# Keeping to myself at work



## Sunhawk (Oct 3, 2013)

I work as a janitor, and recently changed district where I always meet my co-workers at lunch or when I'm dropping of dirty mops.

At first, I tried to act like I didn't have SA, it went pretty good, I tried to be social when we were having lunch but then I noticed that it was quite exhausting for me and they didnt seem to be that comfortable with me.

A few of them can't even look at me.

Now I've started to skip lunch, trying to avoid going into our office to leave dirty mops if someone's there and of course I dont feel good about it.

I WANT to talk to them, I WANT to take my lunch break, that's the kind of person I am, but the anxiety makes it so hard.

Heck, I can't even look my parents in the eyes anymore, especially my dad.


----------



## snowberry (Nov 22, 2013)

Same with me.

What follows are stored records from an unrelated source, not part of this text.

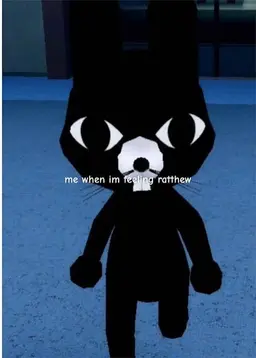 Profile image of Ron From Accouting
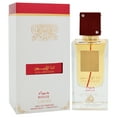 thumbnail image 3 of Ana Abiyedh Rouge by Lattafa EDP SPRAY 2 OZ for MEN, 3 of 6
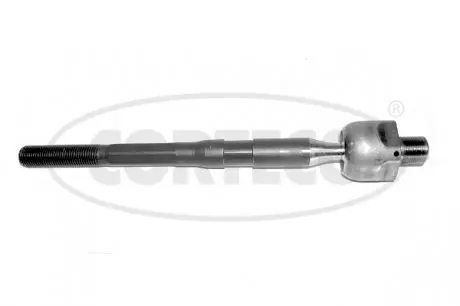 49400107 Dršżek kierowniczy SUZUKI GRAND VITARA. CORTECO підбір по vin на Brocar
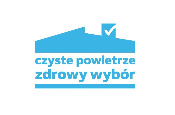 Program Czyste Powietrze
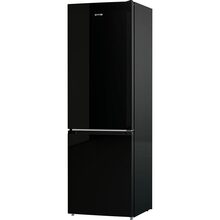 Холодильник GORENJE NRK 6192 CBK4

It's so difficult and frustrating - makes me crazy!


----------



## Lacking Serotonin (Nov 18, 2012)

Damn I want a janitor job so bad.


----------



## Ohio Fatso (Mar 17, 2008)

Sunhawk said:


> I WANT to talk to them


Isn't that something?

If you ever do get a conversation going with them, don't you try to prolong it and hold onto them as long as you can? I do. I know once they leave it's going to be hours, if not days or weeks before anybody talks to me again.

I mean talking as in a real conversation, not the whole "I'm better than you and I'm gonna tell you why right now" one way street of teeth kicking I usually get.


----------



## fobia (Feb 19, 2010)

Sunhawk said:


> they didnt seem to be that comfortable with me.
> A few of them can't even look at me.


How did you come to that conclusion ?
Do they show you somehow that they do no feel comfortable with you ?


----------



## Sunhawk (Oct 3, 2013)

Ohio Fatso said:


> If you ever do get a conversation going with them, don't you try to prolong it and hold onto them as long as you can?

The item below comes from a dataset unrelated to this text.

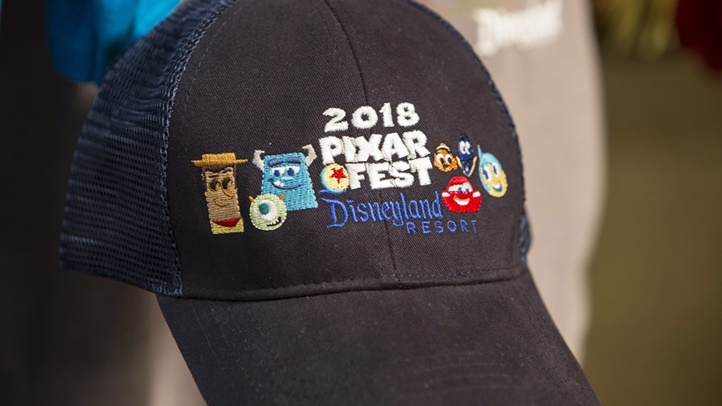 Pixar-Fest-Merchandise-3_2018_DCH.0140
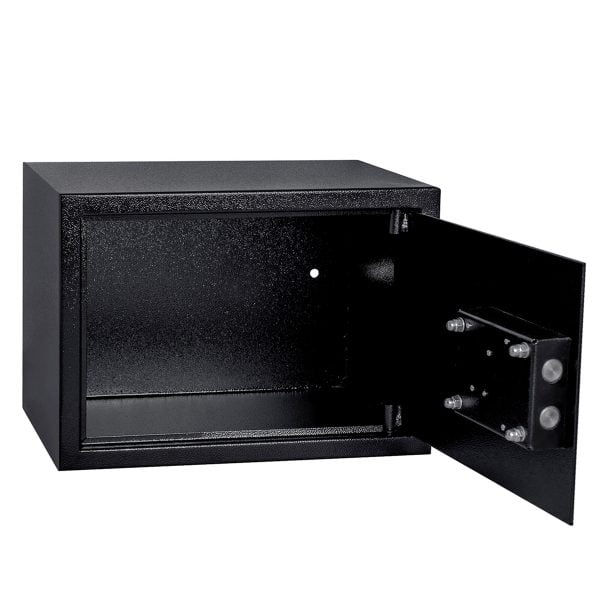 SAFE FURNITURE FEROCON BS-25K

Not really, because I'm afraid that I'm gonna stutter. Everytime I want to say more than three words, I really have to focus so the anxiety doesnt take over. That's why it's so exhausting.


----------



## Sunhawk (Oct 3, 2013)

fobia said:


> How did you come to that conclusion ?
> Do they show you somehow that they do no feel comfortable with you ?


When I say "hey, how's it going?", some just answer "good" without looking at me or say anything else. That's a good enough sign that they arent comfortable talking to me. And I see them talking a lot with other people.


----------



## fobia (Feb 19, 2010)

Umm..well, as you said, you are trying to focus on SA and keep yourself in check when making conversations and it is exhausting for you. Maybe you co-workers feel that as well?That you are trying to make contact, but not just contacting. Maybe they think it is hard for you to talk to them ?

If few of them don't even look at you, it means that other do look? So you have something positive as well.

People don't like other persons problems and they do not offer their patience or understanding very readily.

What about not skipping the lunch, but just being yourself - being shy and quiet if it needed and is comfortable for you at the beginning ?

Maybe the mistake here is to act like others when you are not like others ?


----------